Outside, the sporty Alfa comes with 20-inch alloy wheels, a power liftgate, quad-exit tailpipes, LED daytime running lights, and an optional dual-pane sunroof. The interior is finished in a pleasing mix of leather and Alcantara, while both front seats feature 14-way power adjustment. Other standard items include a 14-speaker Harman Kardon sound system, an 8.8-inch touchscreen display, forward collision warning, blind-spot monitoring, front/rear parking sensors, and dual-zone climate control.
There are four main packages and a few standalone features that can be chosen to customize the Stelvio Quadrifoglio. For $995, the Premium Package adds features like a 115-volt power outlet, heated rear seats, and a wireless charging pad. A stealthier look can be obtained by selecting the Nero Edizione Package which adds a Miron Black finish to the badging, mirror caps, and grille. Another styling upgrade, the Carbon Package, costs $1,500 with carbon added to the grille, wing mirrors, and steering wheel. To equip the more advanced driver-assist safety gear, the Active Assist 2 Package costs $2,200 and comes with active blind-spot assist, adaptive cruise control, driver attention alert, traffic jam assist, and more.
The most interesting standalone features include a dual-pane sunroof at $1,350 and a wireless charging pad for $250.
If you already have over $80,000 to spend on a new SUV, a few options shouldn't be too much of an issue. For that reason, we'd tick the boxes for the $1,500 Carbon package which adds even more appeal to the Stelvio's design, along with the $2,200 Active Assist 2 package as we believe a premium SUV should be equipped with many of the safety items it contains. Finally, while the Stelvio Quadrifoglio SUV looks good in pretty much any color, we'd have ours in the Rosso Competizione Tri-Coat.

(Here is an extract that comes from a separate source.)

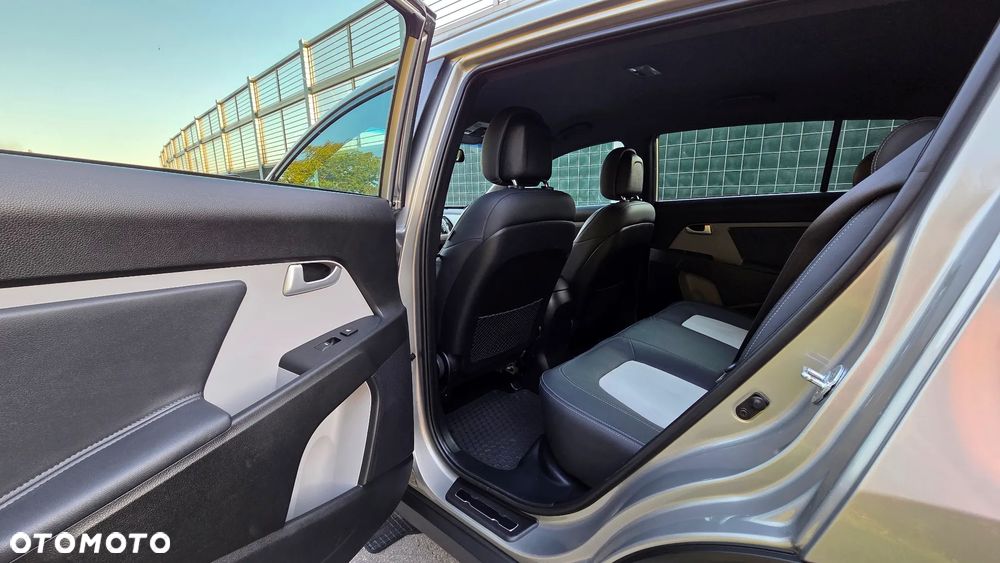 Kia Sportage 2.0 CRDI XL - 38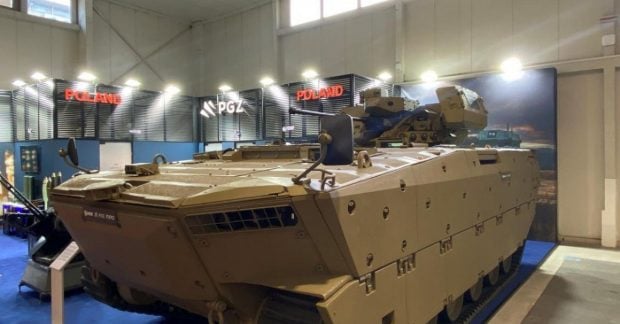 Експортна версія польської БМП Borsuk з безекіпажною баштою Turra‑30 27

If you really want to impress the neighbors and prefer your SUV with an even plusher interior, the GLC 63 isn't a bad way to accomplish both of those goals. It's got a different character to the Stelvio thanks to its 4.0-liter bi-turbo V8 engine, but it is nearly as quick, getting to 60 mph in 3.8 seconds as opposed to the Alfa's 3.6. Both SUVs have mediocre trunk capacities, but the GLC boasts a more comfortable and spacious cabin. The Merc's interior is crafted from finer materials and is more advanced, featuring an expansive 12.3-inch digital instrument cluster and a 10.25-inch central display. Both SUVs have rorty exhaust notes and corner more quickly than they should, given their size, but the Alfa's awesome chassis and suspension tuning give it the edge in driving enjoyment. With its lower price and a better reputation for dependability, the GLC seems like the smarter choice, but it's the Alfa that is even more beguiling.

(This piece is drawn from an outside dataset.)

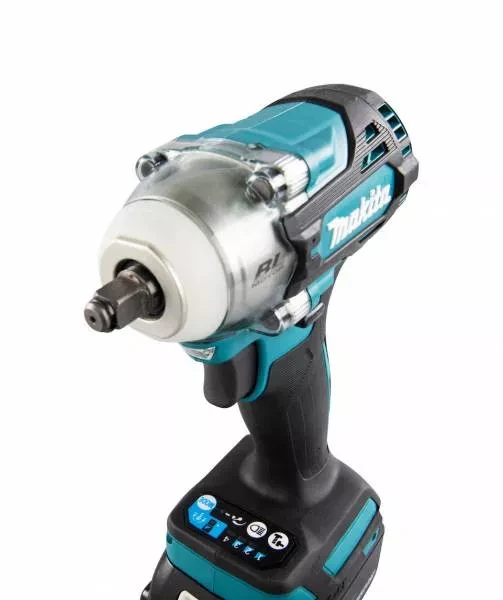 Аккумуляторный ударный гайковерт Makita DTW302RTJ купить в Перми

The Alfa officially competes with the smaller BMW X3 M, so is it worth spending the extra money on something larger like the X5 M? At $105,100, the X5 M is comfortably pricier, but that extra outlay does get you a much more sophisticated interior, close to double the cargo space, and a 4.4-liter V8 engine churning out at least 600 horsepower. With the available Competition Package, the big BMW's specs are impressive; it makes 617 horses but will reach 60 mph just a tenth of a second later than the Alfa. Both SUVs have excellent body control and high cornering limits, and whether it's the X5's bassy V8 or the racy V6 in the Alfa, they each sound fantastic. The difference has to do with feel. While the X5 is astonishingly quick, it doesn't communicate much to the driver. It's effective without quite losing that veneer of luxury and isolation. The Alfa is more involving, more of the time. If you need a family-friendly SUV with more space, get the BMW. If you want the most fun you can have behind the wheel of an SUV no matter how much space you need to sacrifice, go for the Alfa.